___ PROVIDED MATERIAL

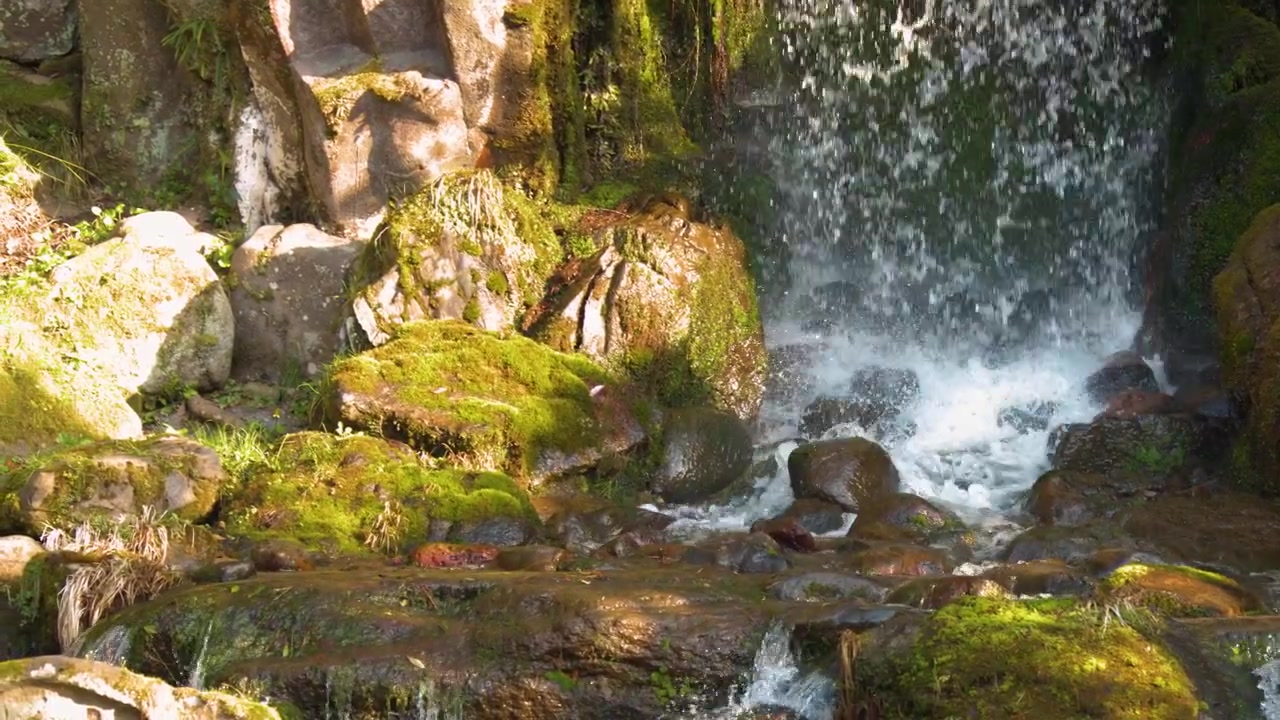 Sunlight illuminates water flowing over green mossy rocks in a peaceful Japanese nature park.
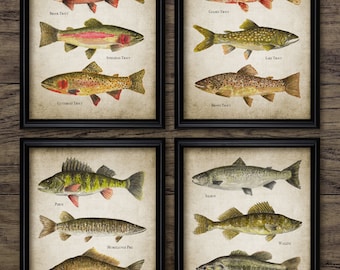 Fish Watercolour Painting Set Of 4, Printable Fish Painting, Angling, Fisherman, Trout, Carp, Bass Fishing Gift #3884 INSTANT DOWNLOAD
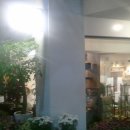 CAFE.D 티스토리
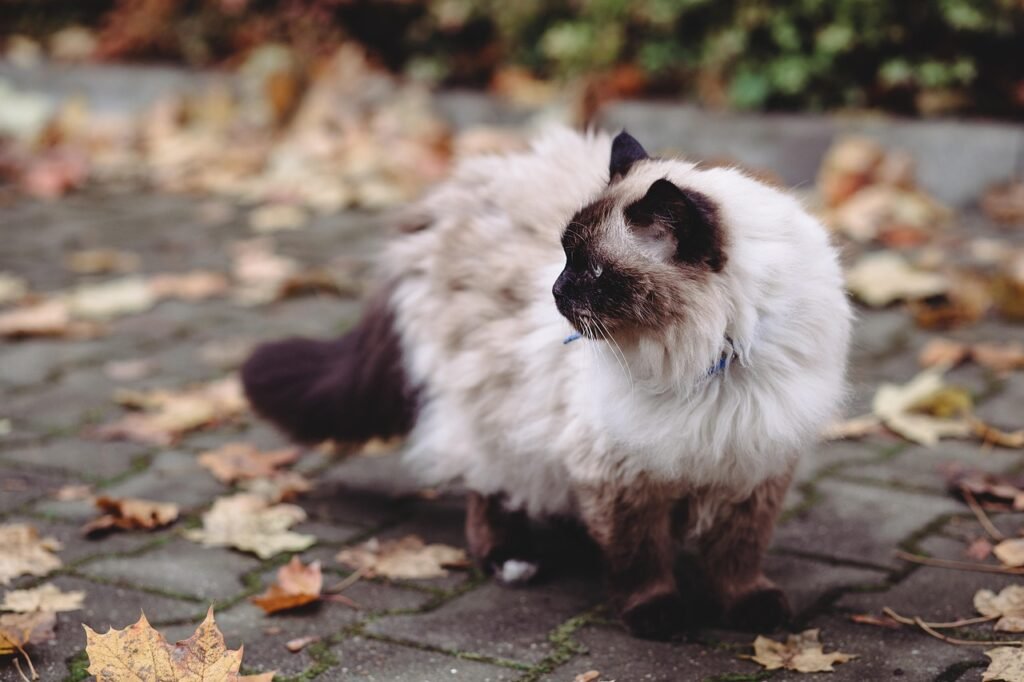 6. Birman: The Sacred Cat Who Will Make You Feel Chosen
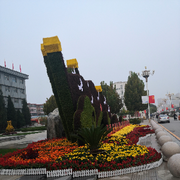 成功8397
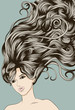 Woman's face with long detailed flowing hair Woman's face with long detailed flowing hair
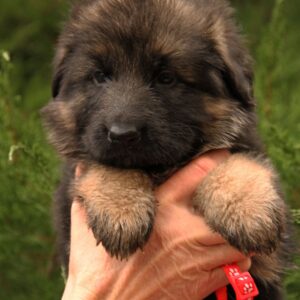 Jastina German Shepherd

______

■ WHAT THE TASK ASKS
Make an exact copy of only those lines that run from the line with "6. Birman: The" through the end of the records, excluding pictures.

■ ANSWER TO THIS EXERCISE
 6. Birman: The Sacred Cat Who Will Make You Feel Chosen
 成功8397
 Woman's face with long detailed flowing hair Woman's face with long detailed flowing hair
 Jastina German Shepherd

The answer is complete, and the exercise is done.